US Ban on Cash Payment Would Violate JCPOA Spirit
US Ban on Cash Payment Would Violate JCPOA Spirit

A bill recently approved by the House of Representatives to prohibit the US administration from making cash payments to Iran would run counter to the spirit of the 2015 Iran nuclear deal, an Iranian lawmaker said.

It was passed by a wide margin, 254-163, on September 22 but has yet to get through the Senate and survive a presidential veto to become law and would also require that Congress be notified before any future claims settlements with Tehran are conducted.

“The legislation … lacks legal standing and is against the spirit of the JCPOA,” Valiollah Nanvakenari, a member of Majlis National Security and Foreign Policy Commission, told ISNA on Saturday.

He was using an acronym that stands for the Joint Comprehensive Plan of Action, the formal title of the nuclear accord that took effect on January 16 to ease international sanctions against Iran in exchange for temporary constraints on its nuclear program.

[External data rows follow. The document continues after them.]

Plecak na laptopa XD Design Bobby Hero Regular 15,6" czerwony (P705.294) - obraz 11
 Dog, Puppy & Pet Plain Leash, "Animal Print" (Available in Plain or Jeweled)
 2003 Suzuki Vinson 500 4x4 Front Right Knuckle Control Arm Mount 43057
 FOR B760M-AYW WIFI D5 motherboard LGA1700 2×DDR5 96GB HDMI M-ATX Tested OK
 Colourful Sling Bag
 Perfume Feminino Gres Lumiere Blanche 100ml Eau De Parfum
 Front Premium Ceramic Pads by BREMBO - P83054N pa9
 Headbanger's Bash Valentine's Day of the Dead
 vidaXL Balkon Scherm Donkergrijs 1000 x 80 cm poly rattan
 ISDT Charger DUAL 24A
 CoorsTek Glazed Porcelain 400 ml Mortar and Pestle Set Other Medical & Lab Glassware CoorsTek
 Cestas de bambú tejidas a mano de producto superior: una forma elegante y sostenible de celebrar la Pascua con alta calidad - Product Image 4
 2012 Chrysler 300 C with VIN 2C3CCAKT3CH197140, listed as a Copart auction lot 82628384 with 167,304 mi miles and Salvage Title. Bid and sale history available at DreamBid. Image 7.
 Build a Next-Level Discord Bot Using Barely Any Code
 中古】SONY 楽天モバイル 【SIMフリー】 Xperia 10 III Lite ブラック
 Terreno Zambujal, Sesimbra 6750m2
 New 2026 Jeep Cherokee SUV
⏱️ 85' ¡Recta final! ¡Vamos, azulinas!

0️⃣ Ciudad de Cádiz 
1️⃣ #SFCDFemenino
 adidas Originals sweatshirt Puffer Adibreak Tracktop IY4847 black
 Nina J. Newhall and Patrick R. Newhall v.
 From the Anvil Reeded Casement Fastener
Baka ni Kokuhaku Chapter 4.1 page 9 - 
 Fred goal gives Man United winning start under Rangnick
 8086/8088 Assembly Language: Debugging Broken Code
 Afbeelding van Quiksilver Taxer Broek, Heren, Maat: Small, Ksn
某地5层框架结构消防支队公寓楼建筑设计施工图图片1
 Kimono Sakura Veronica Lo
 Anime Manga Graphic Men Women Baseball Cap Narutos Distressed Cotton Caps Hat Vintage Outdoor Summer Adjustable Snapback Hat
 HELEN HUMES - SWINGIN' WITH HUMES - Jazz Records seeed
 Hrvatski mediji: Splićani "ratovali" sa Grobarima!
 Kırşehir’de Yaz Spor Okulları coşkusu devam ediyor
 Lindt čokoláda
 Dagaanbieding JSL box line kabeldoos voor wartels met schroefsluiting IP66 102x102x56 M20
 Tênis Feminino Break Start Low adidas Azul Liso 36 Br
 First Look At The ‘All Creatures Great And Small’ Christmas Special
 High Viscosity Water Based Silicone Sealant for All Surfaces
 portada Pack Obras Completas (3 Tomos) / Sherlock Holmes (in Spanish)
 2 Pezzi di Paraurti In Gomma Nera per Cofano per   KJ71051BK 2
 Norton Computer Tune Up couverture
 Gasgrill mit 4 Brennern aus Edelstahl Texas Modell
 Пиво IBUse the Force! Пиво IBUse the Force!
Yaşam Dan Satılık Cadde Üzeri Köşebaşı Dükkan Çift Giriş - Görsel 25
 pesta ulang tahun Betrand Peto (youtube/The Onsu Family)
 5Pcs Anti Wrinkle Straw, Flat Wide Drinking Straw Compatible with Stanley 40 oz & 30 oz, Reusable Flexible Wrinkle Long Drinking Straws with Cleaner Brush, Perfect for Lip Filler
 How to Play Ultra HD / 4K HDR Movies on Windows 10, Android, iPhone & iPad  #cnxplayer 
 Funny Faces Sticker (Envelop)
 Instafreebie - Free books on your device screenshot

Nanvakenari said the measure “is yet further evidence of American untrustworthiness”.

“Unfortunately, the US President [Barack Obama] has failed to fully comply with his commitments,” he added.

Since the first such payment was made the same day Tehran agreed to release four American prisoners last January, US Republican lawmakers decried the payments as “ransom”, a charge the White House has rejected.

The Obama administration has threatened to veto the bill, calling it “an ill-advised attempt to respond to a problem—the so-called ‘ransom’ payments to Iran—that does not exist.”

House Democrats have accused Republicans of trying to score political points.

Senator Eliot Engel of New York, the top Democrat on the Foreign Affairs Committee, said Republicans turned the bill “into a political hot button—a poke in the eye of the administration”.

An initial $400 million payment in euros, Swiss francs and other foreign currency was delivered on pallets on Jan. 17, the same day Tehran agreed to release the prisoners. The remaining $1.3 billion were paid in cash installments on Jan. 22 and Feb. 5.